# [INFORMATION]

****

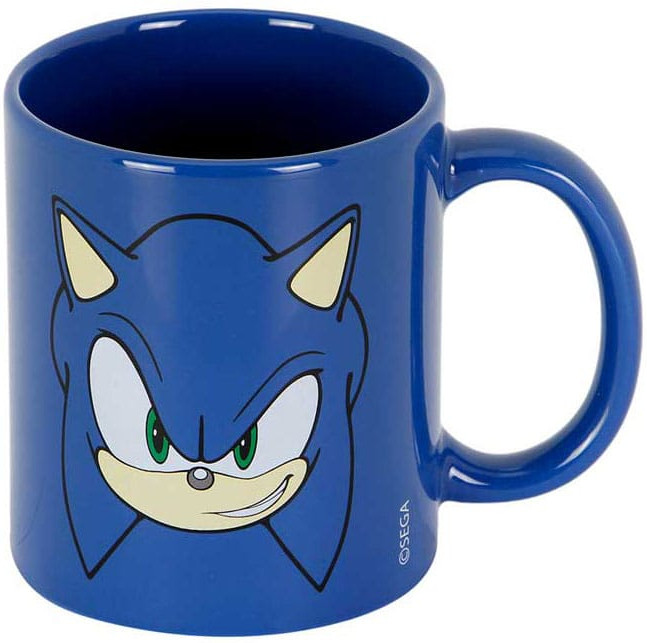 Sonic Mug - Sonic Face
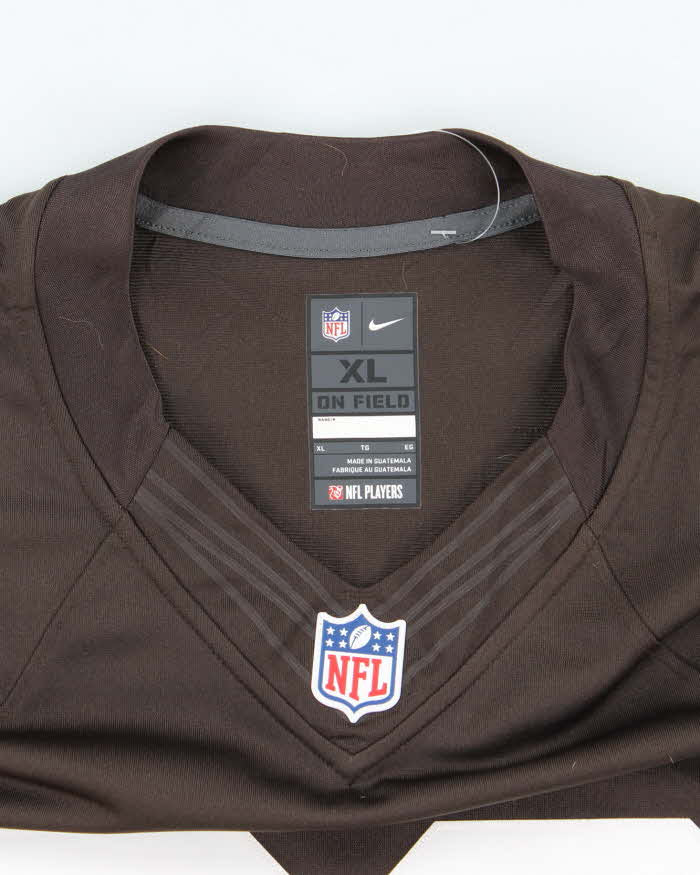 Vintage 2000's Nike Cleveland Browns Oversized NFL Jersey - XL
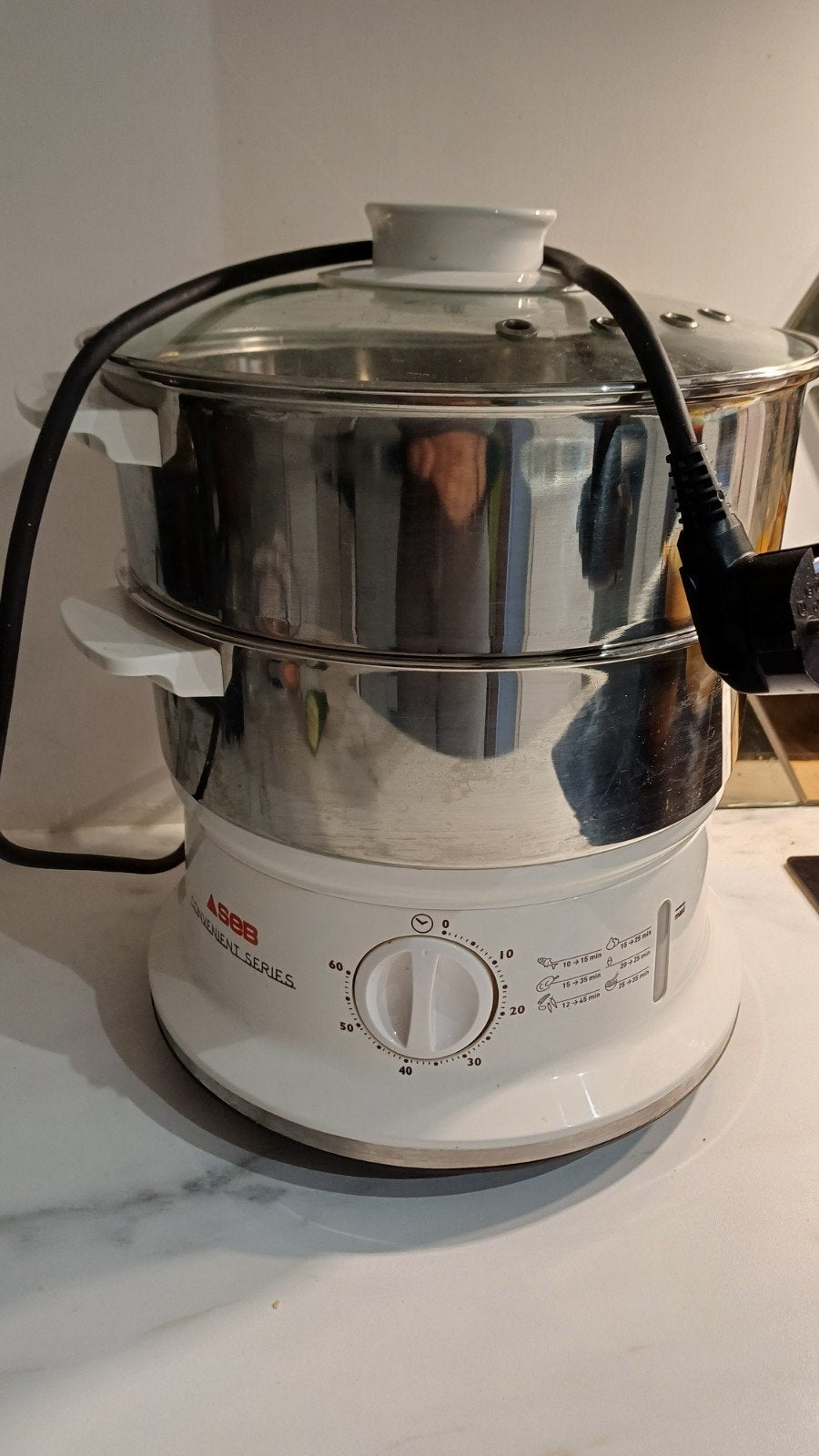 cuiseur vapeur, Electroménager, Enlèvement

****

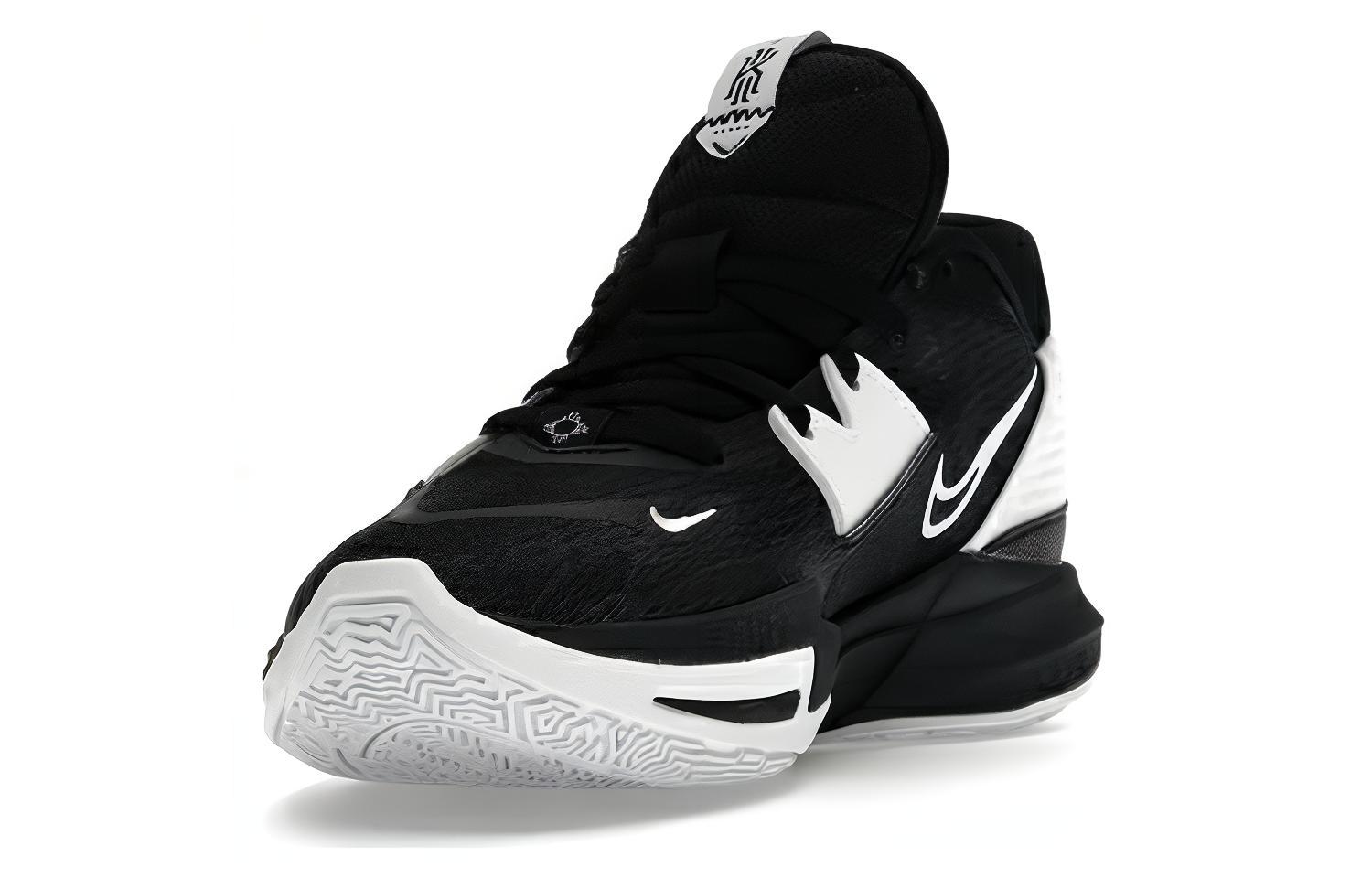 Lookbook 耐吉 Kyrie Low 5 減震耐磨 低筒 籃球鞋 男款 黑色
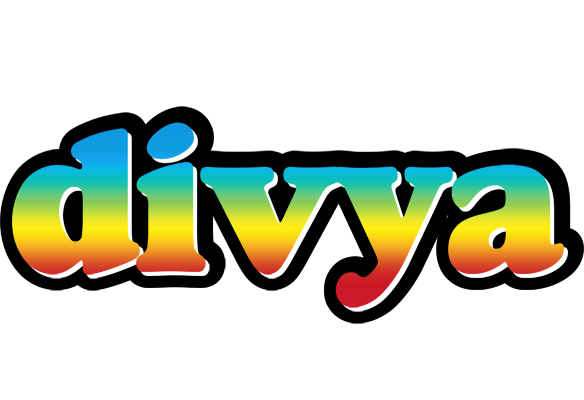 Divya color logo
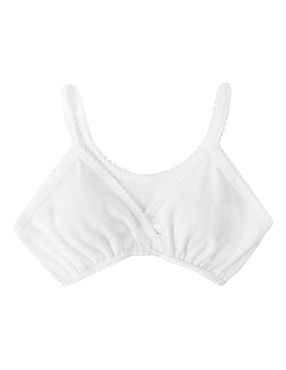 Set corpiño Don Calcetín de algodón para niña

****

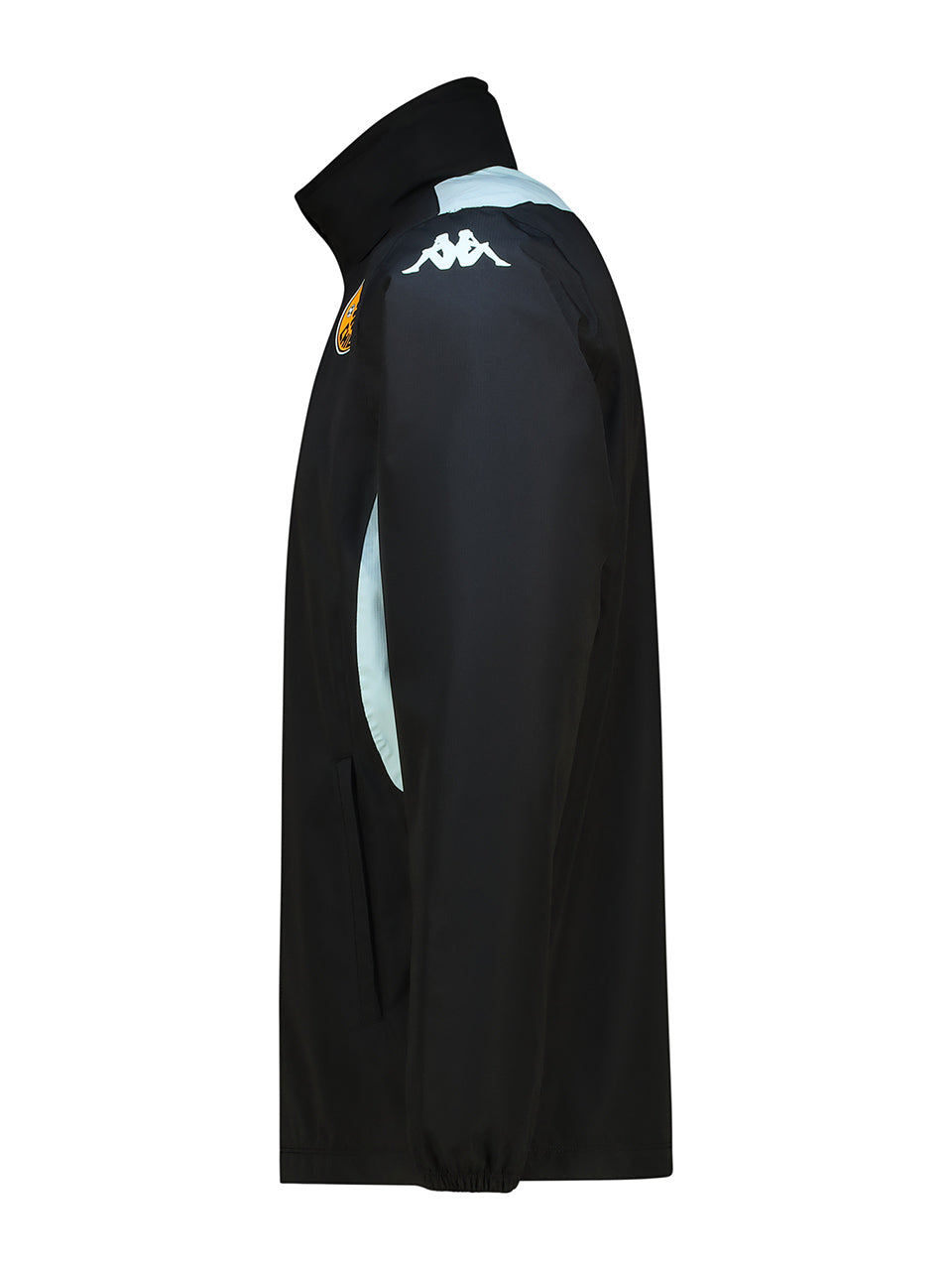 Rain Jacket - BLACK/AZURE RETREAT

****

# [TASK STATEMENT]
Write down exactly what the lines above say, from the line holding "Lookbook 耐吉 Kyrie Low 5 減震耐磨 低筒 籃球鞋 男款 黑色" through the line holding "Set corpiño Don", and nothing more. Do not copy the pictures.

# [EXERCISE OUTPUT]
 Lookbook 耐吉 Kyrie Low 5 減震耐磨 低筒 籃球鞋 男款 黑色
 Divya color logo
 Set corpiño Don Calcetín de algodón para niña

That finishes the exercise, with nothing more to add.